Find a Hyper-Local Agent
Locate and work with a real estate agent who is an expert in the precise neighborhoods that interest you, advises CitiMortgage. Those agents are most likely to know the comps and help you pounce on the right opportunity at the right price with no delay.

Avoid Change
If your top priority is getting into a new home, try to avoid any other major changes around the same time. A large change, like moving to a new job, could affect your mortgage approval, according to CitiMortgage. And even a small change, like changing banks, stands to slow down the process of verifying your checking and other monetary assets.

Don’t Get Hung Up on Small Stuff
It’s tempting to consider a home just as it is and decide whether or not you love it or hate it. But don’t miss an opportunity just because you can’t get past a small issue that can easily be changed to suit your tastes or needs—or even because you can’t stand the way the seller’s clutter looks in the house. “When visiting potential homes to purchase, look behind the furniture and decor of the existing owners,” says SAS Interiors’ Jenna Burger. “Once they've moved out, you're left with the shell and your furniture and belongings can be brought in.” 

Envision a Fresh Coat of Paint
Maybe that hot pink former kids’ room or what-were-they-thinking neon green bathroom doesn’t appeal on first glance. But don’t dwell on that. A fresh coat of paint can instantly enliven a space and transform it to your personal tastes affordably. “Paint can truly change a space, so look beyond the existing wall colors, and instead focus on the layout and the space plan,” advises SAS Interiors’ Burger.

Consider Your Existing Furniture
If you just bought a new house and unexpectedly have to buy all new furniture to go along with it, you could be blowing your budget right off the bat. So if you intend to move with your existing furniture, make sure you have a plan in place to make that feasible. “Measure and write down sizes and configurations before searching for homes,” says SAS Interiors’ Burger. “The last thing you'd want is to buy a home that doesn't fit your needs.”

Focus on the Kitchen and Bathrooms
The two most important spaces to focus on when buying a home are the kitchen and bathroom. “Look at the condition and wear of the cabinetry, plumbing, appliances, et cetera in the space,” says SAS Interiors’ Burger. “Questions to ask yourself are: Are the spaces in good condition?

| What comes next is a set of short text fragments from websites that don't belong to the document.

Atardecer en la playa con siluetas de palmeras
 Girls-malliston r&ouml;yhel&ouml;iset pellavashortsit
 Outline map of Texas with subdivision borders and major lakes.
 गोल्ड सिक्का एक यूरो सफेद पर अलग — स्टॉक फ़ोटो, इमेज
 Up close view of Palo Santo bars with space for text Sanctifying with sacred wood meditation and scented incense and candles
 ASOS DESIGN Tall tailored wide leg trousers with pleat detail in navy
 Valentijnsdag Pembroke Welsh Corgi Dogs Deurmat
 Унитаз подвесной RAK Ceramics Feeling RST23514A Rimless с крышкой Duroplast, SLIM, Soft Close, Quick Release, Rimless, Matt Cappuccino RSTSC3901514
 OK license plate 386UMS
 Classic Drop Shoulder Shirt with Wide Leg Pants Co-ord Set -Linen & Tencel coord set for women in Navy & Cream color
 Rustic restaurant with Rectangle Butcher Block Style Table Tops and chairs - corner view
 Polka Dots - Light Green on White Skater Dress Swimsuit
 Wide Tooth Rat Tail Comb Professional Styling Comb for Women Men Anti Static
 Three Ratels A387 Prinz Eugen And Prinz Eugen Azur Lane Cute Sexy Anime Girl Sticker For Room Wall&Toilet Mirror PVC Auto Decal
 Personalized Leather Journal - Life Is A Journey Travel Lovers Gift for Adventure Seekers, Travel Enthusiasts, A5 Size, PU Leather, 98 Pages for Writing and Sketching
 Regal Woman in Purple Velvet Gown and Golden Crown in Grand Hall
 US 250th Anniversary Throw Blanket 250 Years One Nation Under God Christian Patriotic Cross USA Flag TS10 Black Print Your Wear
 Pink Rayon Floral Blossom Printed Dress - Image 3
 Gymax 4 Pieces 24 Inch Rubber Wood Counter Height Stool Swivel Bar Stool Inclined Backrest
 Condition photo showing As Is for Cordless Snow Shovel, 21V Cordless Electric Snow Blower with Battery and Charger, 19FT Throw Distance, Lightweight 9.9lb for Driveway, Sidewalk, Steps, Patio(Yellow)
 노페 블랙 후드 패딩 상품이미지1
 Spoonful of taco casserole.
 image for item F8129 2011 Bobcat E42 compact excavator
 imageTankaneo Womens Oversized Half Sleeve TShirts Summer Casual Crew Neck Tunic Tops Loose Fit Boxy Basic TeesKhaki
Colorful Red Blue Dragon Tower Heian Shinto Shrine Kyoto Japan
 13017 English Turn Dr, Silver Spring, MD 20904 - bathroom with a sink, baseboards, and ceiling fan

Do I have a budget to renovate the space? If not, can I update the space with do-it-yourself projects?”

Consider Your Personal Priorities
When my husband and I bought our first house in Los Angeles this year, we knew we could get a lot more space—maybe even a pool—for less money if we were willing to head a little bit away from the heart of the city, like to nearby San Fernando Valley. We expanded our search, but in the end determined that being in the center of things was more important to us than a larger lot. There’s no objective right answer, but a thoughtful investigation of your family’s own priorities is required to come to the right decision for you. 

Consider Your Investment Potential
After close to two years of looking for homes on the Westside of Los Angeles—which remained expensive in spite of the economy—we finally found a small home in a great area that we loved right away. It was in our price range because it was the smallest house on the smallest lot on the block. For us, this seemed like the perfect way to get into a more expensive, desirable, central neighborhood. Since we bought, we’ve seen several other homes on the block listed for $200,000-plus more than we paid. If you buy the largest, most expensive home in an area, know that there may be little potential for your investment to grow. 

Be PatientIf You Can 
Our first home was a “short sale,” meaning the sellers owed more on the home than it was worth. Because of that, the bank was involved with the sale, and that meant it took six months between our initial offer and close of escrow. This paid off for us because we were able to secure the home we loved at what we considered to be a good price, but we were only able to pull it off because our living situation didn’t require that we moved urgently. Short sales and foreclosures can lead to great deals if your situation allows you to wait out the bank delays.